• [Assignment]: Transcribe all data verbatim. Skip the pictures.
___ Data shown
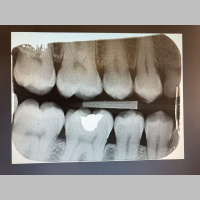 Recording a visit to the dentist in ambisonic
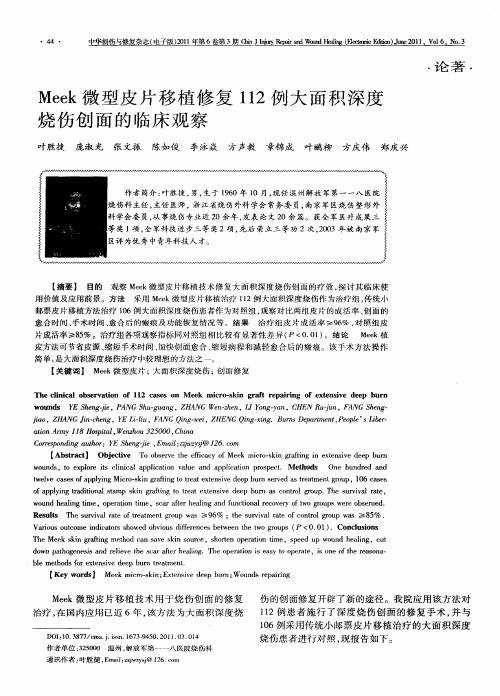 Meek微型皮片移植修复112例大面积深度烧伤创面的临床观察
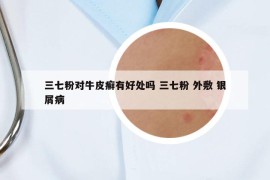 三七粉對(duì)牛皮癬有好處嗎 三七粉 外敷 銀屑病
______
• [Result]:
 Recording a visit to the dentist in ambisonic
 Meek微型皮片移植修复112例大面积深度烧伤创面的临床观察
 三七粉對(duì)牛皮癬有好處嗎 三七粉 外敷 銀屑病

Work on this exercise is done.